[Records for this task]:
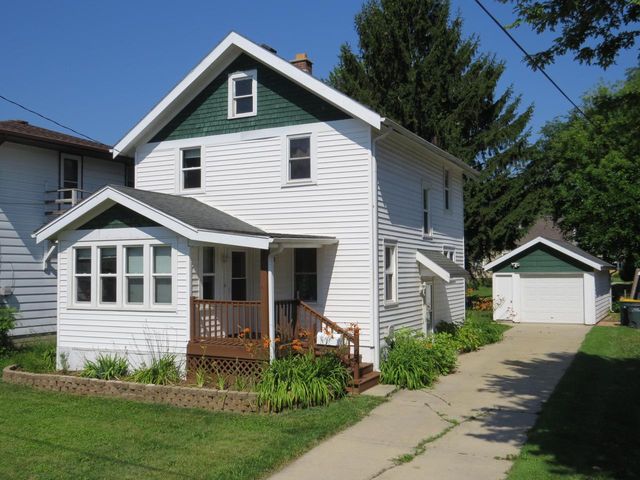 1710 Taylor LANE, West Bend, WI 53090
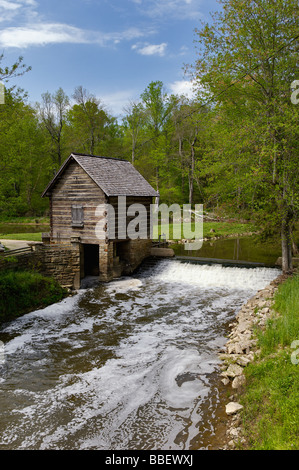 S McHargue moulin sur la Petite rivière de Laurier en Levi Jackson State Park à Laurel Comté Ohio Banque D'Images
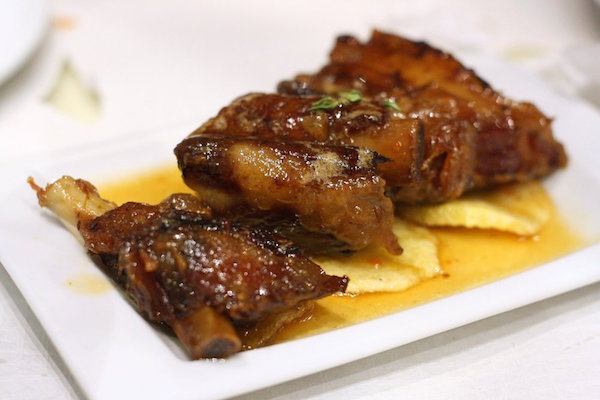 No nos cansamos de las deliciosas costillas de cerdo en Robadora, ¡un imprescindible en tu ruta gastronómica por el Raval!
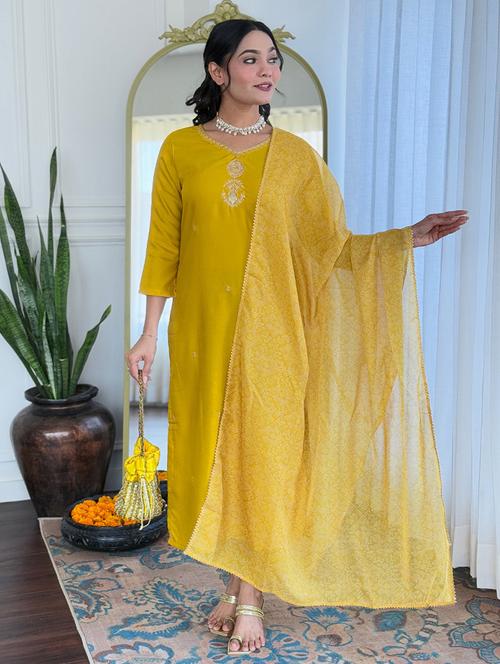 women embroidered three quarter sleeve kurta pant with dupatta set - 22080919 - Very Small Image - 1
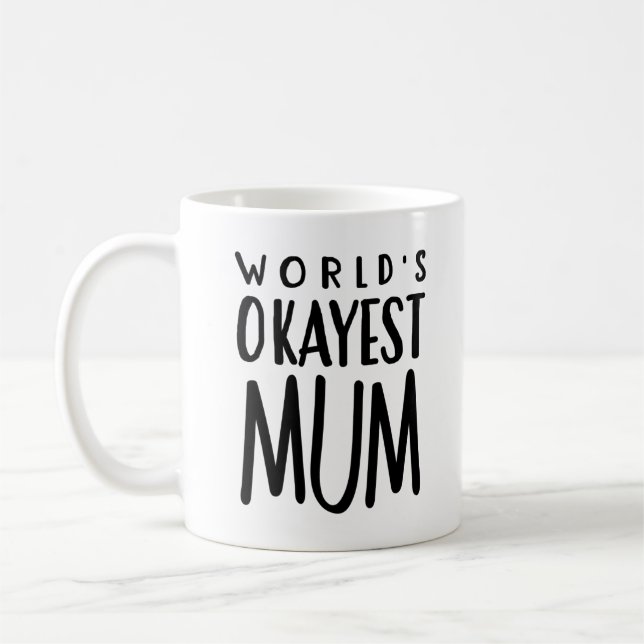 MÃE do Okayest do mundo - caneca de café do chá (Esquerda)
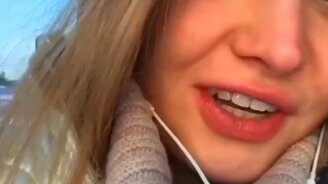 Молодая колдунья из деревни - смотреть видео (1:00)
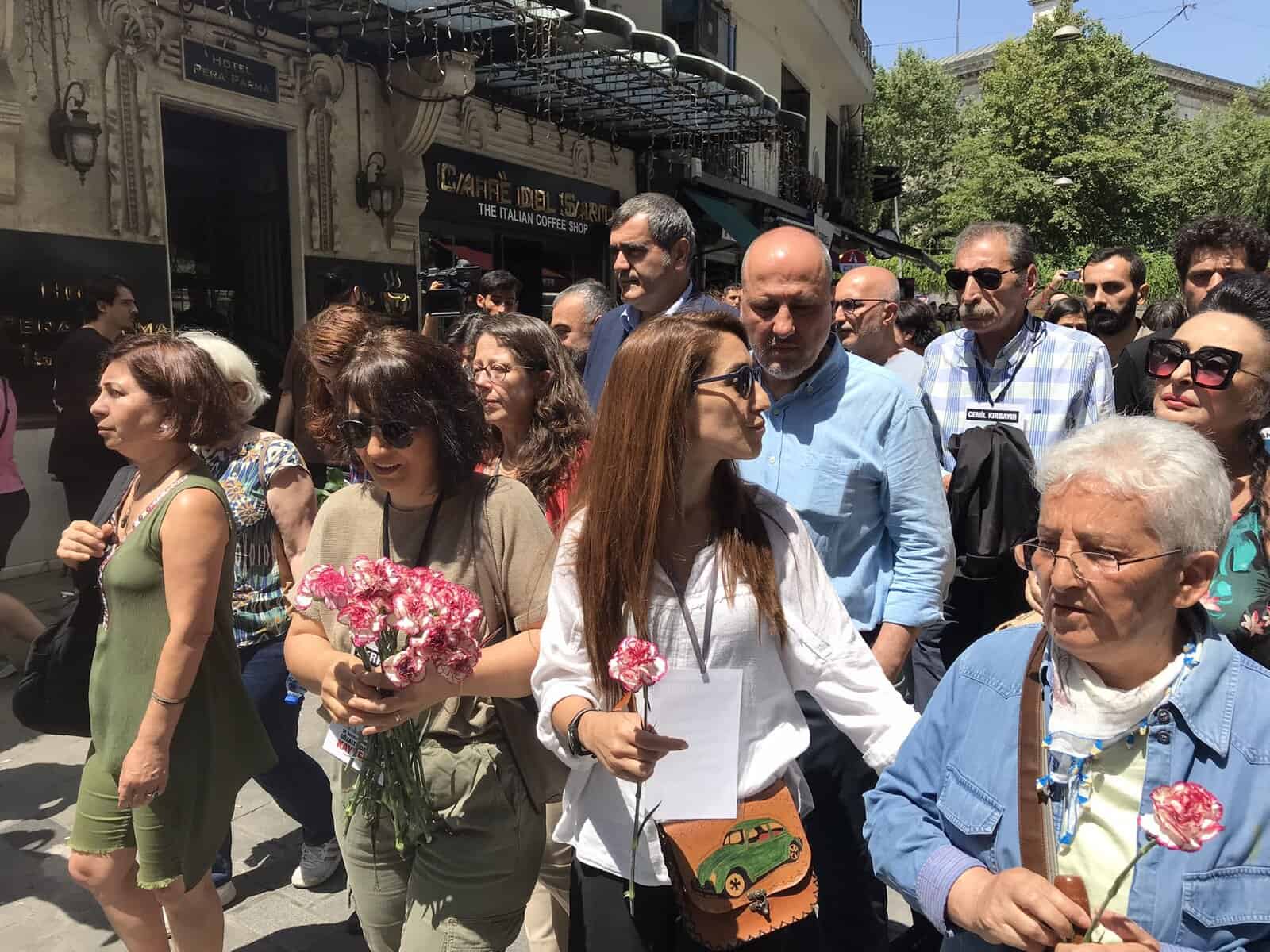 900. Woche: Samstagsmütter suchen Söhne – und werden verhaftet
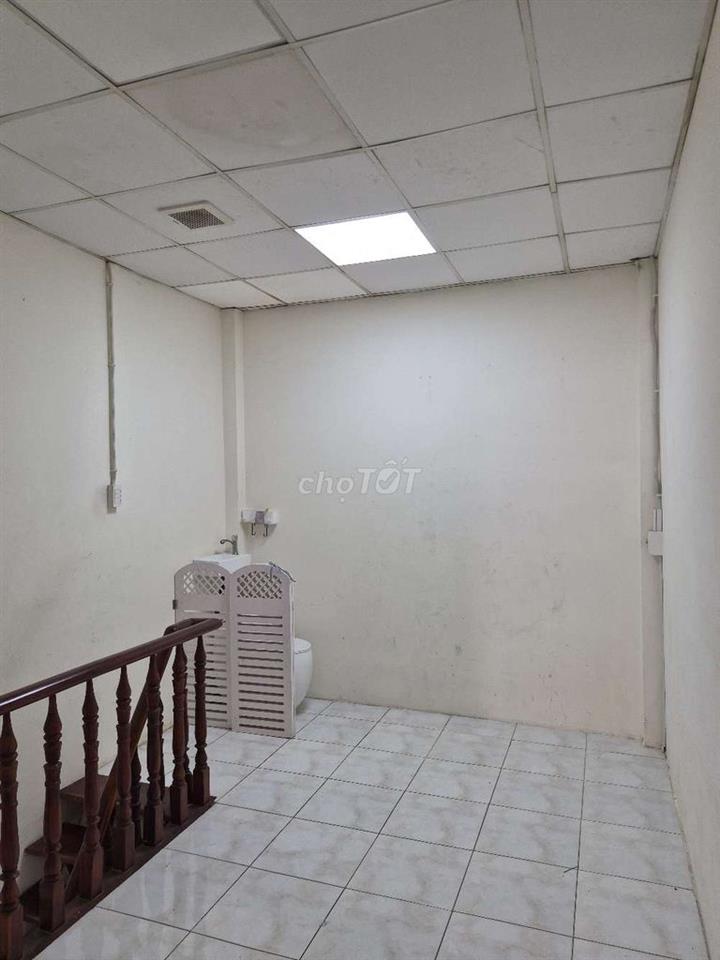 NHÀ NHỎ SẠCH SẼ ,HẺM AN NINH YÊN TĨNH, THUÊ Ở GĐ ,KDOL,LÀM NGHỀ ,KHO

[Exercise details]:
From the line containing "Молодая колдунья из" to the final line above, both included, transcribe every line exactly and leave all pictures out.

[Written solution]:
 Молодая колдунья из деревни - смотреть видео (1:00)
 900. Woche: Samstagsmütter suchen Söhne – und werden verhaftet
 NHÀ NHỎ SẠCH SẼ ,HẺM AN NINH YÊN TĨNH, THUÊ Ở GĐ ,KDOL,LÀM NGHỀ ,KHO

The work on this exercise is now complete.